#### [WHAT TO DO]
Print the whole listing below exactly as given, pictures excluded.

#### [RAW DATA]

++++++++++

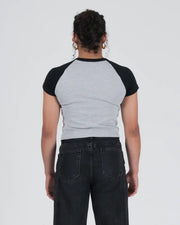 Kingz_Gentle Art Club Women's Baby Tee_Grey_Women_KZWTS05_04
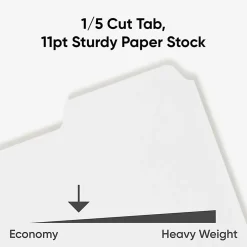 Smead® 3-Ring Binder Index Dividers, 5-Tab, 11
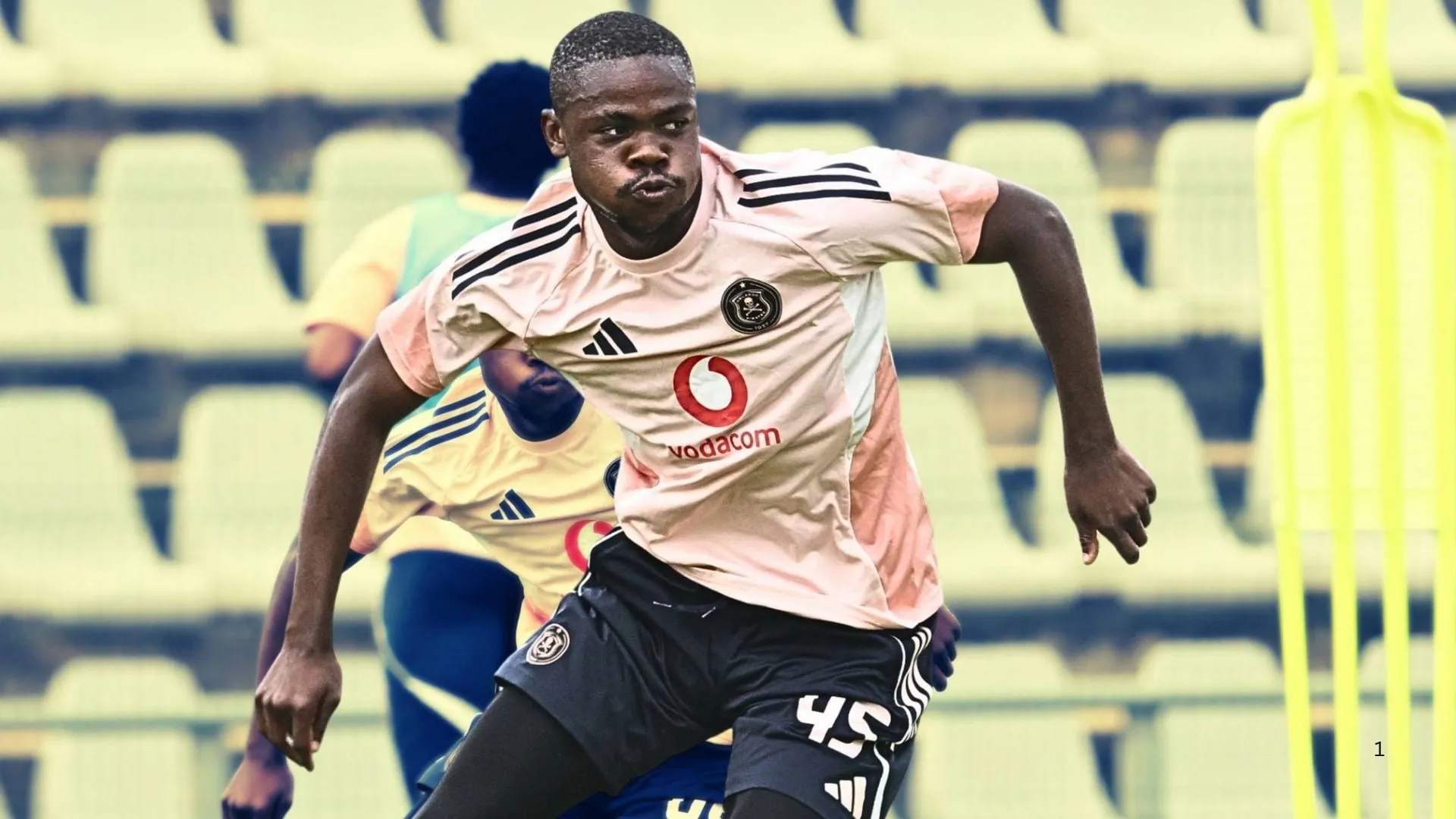 Daniel Msendami of Orlando Pirates.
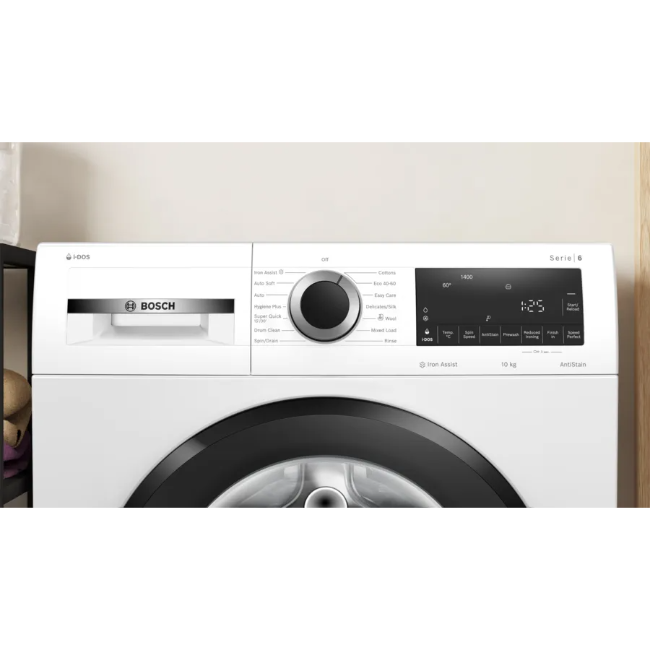 Bosch Series 6 Washing Machine - White | WGG254F1GB - Image 3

++++++++++

#### [REPLY]
 Kingz_Gentle Art Club Women's Baby Tee_Grey_Women_KZWTS05_04
 Smead® 3-Ring Binder Index Dividers, 5-Tab, 11
 Daniel Msendami of Orlando Pirates.
 Bosch Series 6 Washing Machine - White | WGG254F1GB - Image 3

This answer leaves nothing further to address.